BEGIN Data for this task

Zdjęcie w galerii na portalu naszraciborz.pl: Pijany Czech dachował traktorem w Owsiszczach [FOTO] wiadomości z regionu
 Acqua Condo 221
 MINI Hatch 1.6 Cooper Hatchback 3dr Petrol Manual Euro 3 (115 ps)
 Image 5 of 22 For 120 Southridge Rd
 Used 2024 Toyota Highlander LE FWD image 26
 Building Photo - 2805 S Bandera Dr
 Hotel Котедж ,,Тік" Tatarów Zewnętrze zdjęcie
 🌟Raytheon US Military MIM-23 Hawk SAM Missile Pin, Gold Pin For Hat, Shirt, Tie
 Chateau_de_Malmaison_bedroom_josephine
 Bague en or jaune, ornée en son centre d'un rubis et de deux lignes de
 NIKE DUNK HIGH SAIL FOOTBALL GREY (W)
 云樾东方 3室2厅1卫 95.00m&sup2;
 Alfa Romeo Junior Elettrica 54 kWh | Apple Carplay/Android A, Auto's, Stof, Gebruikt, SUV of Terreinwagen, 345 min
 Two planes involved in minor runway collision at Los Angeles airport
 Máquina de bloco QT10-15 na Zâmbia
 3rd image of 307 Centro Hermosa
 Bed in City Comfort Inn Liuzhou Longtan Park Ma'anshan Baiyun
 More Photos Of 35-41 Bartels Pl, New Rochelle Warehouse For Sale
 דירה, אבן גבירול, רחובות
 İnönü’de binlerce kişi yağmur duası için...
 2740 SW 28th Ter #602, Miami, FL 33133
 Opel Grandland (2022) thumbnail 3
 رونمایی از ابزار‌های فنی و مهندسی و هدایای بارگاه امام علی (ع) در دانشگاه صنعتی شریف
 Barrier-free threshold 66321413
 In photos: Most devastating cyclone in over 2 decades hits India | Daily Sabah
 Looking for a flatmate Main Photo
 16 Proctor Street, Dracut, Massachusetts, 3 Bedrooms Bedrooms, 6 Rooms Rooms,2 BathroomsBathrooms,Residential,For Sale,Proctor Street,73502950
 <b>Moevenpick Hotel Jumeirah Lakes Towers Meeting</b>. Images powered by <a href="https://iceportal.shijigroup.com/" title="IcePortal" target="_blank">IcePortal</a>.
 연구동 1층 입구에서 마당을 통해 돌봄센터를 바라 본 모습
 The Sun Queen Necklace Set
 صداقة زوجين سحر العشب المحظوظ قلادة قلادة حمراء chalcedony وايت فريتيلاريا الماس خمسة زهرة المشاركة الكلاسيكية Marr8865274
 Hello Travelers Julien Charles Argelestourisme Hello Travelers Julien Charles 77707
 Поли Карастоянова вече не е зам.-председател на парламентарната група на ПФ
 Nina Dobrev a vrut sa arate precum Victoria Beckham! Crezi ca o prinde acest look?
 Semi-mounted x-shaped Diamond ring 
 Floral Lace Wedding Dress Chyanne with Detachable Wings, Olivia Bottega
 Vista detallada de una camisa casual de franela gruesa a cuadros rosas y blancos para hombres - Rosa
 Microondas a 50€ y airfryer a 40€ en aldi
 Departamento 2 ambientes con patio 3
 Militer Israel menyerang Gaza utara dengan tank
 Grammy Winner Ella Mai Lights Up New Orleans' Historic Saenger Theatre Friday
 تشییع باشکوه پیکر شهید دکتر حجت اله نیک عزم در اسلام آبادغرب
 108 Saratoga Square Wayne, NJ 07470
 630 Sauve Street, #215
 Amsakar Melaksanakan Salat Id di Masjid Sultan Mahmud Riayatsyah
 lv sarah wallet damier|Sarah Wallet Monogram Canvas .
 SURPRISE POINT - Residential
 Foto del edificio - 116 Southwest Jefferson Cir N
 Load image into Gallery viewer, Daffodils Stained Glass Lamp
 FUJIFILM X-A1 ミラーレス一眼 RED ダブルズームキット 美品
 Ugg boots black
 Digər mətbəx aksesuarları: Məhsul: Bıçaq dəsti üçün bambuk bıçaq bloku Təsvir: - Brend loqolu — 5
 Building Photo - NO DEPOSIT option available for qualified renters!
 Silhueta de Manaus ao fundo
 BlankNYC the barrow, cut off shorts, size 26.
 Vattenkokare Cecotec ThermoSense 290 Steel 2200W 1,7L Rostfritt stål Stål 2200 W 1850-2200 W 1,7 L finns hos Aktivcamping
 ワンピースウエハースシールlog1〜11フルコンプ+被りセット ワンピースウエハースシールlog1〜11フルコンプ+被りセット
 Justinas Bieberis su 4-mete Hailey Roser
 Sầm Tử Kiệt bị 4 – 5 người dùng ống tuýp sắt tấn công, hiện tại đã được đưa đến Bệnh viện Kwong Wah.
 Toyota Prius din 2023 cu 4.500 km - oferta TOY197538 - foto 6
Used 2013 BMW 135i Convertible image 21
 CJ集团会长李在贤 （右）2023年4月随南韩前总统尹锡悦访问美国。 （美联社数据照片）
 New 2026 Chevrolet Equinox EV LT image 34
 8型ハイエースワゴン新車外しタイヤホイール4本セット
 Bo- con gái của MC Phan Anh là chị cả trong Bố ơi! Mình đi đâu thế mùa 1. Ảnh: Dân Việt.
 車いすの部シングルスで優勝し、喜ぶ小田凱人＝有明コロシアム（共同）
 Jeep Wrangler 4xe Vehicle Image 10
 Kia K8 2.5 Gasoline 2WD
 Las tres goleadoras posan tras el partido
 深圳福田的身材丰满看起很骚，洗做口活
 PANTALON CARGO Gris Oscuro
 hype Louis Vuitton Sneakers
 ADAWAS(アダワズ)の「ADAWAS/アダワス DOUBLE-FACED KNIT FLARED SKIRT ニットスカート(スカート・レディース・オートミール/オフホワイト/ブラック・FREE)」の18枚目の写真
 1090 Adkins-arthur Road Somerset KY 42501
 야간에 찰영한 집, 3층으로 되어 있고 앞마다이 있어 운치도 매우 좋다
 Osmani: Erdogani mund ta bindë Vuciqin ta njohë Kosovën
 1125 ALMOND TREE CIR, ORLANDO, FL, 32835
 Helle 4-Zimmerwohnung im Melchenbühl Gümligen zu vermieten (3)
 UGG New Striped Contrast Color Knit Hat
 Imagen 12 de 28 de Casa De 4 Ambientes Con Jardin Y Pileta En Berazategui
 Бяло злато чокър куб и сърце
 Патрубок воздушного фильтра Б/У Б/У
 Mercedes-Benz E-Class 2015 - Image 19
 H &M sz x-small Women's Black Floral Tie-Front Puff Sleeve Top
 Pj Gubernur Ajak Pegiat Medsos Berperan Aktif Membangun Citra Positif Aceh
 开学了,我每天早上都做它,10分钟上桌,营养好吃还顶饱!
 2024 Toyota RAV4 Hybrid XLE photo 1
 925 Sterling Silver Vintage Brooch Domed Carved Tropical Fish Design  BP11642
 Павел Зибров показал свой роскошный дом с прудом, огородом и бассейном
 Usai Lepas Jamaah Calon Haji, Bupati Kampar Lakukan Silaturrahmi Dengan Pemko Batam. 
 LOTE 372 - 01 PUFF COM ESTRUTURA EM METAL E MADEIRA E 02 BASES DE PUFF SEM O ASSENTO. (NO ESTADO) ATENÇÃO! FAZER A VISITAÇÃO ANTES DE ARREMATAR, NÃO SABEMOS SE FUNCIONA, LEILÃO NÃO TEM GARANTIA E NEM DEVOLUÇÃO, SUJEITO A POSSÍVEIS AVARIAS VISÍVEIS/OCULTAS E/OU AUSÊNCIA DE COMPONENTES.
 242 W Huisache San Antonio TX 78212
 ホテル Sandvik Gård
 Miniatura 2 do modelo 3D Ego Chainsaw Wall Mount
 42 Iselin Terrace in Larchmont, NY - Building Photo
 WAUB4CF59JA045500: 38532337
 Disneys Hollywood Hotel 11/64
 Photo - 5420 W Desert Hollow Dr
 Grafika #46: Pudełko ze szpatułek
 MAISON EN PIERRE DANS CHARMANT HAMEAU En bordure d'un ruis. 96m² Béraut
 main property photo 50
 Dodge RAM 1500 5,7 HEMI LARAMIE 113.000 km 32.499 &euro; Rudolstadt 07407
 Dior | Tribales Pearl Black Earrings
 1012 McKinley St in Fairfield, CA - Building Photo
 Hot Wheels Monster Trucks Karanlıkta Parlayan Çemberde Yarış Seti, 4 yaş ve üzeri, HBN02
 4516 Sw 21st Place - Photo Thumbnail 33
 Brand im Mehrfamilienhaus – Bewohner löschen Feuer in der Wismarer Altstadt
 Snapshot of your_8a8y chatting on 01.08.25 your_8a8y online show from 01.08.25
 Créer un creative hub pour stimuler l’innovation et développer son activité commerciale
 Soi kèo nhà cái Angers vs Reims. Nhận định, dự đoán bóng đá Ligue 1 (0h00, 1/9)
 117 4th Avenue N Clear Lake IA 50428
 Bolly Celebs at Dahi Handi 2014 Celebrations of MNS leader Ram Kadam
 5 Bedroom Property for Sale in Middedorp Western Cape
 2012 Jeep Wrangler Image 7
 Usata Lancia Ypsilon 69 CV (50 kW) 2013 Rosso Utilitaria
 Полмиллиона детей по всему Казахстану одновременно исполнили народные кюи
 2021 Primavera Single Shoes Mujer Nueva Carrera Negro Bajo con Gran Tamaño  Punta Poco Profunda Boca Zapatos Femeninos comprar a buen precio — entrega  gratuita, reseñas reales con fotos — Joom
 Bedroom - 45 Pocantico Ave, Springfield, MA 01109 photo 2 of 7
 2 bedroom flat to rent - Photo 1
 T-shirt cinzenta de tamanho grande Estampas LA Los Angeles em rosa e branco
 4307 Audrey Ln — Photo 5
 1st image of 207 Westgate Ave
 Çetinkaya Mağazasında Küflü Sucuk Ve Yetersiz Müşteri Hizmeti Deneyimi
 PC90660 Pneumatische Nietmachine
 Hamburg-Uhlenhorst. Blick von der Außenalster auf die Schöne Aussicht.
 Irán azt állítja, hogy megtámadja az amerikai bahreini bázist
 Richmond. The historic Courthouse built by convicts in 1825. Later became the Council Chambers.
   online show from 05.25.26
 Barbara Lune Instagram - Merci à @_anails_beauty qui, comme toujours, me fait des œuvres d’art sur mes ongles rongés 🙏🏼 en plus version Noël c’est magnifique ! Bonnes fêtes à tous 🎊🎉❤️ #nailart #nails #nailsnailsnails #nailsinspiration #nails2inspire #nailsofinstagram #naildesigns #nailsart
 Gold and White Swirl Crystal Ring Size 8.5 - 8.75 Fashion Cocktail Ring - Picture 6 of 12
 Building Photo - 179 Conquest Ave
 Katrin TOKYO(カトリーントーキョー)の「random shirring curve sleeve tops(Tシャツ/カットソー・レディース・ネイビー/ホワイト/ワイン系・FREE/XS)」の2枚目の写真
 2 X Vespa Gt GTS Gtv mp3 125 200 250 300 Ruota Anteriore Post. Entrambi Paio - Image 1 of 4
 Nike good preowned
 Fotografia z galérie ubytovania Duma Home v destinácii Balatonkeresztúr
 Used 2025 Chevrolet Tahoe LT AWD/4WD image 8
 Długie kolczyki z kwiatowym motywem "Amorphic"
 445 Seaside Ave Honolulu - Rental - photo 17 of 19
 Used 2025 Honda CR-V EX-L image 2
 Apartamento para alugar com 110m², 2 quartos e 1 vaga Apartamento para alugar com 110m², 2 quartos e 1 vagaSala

END Data for this task

• Work task: Locate the word "Chevrolet" in the data above. Copy every line carrying it.

• Written answer:
 New 2026 Chevrolet Equinox EV LT image 34
 Used 2025 Chevrolet Tahoe LT AWD/4WD image 8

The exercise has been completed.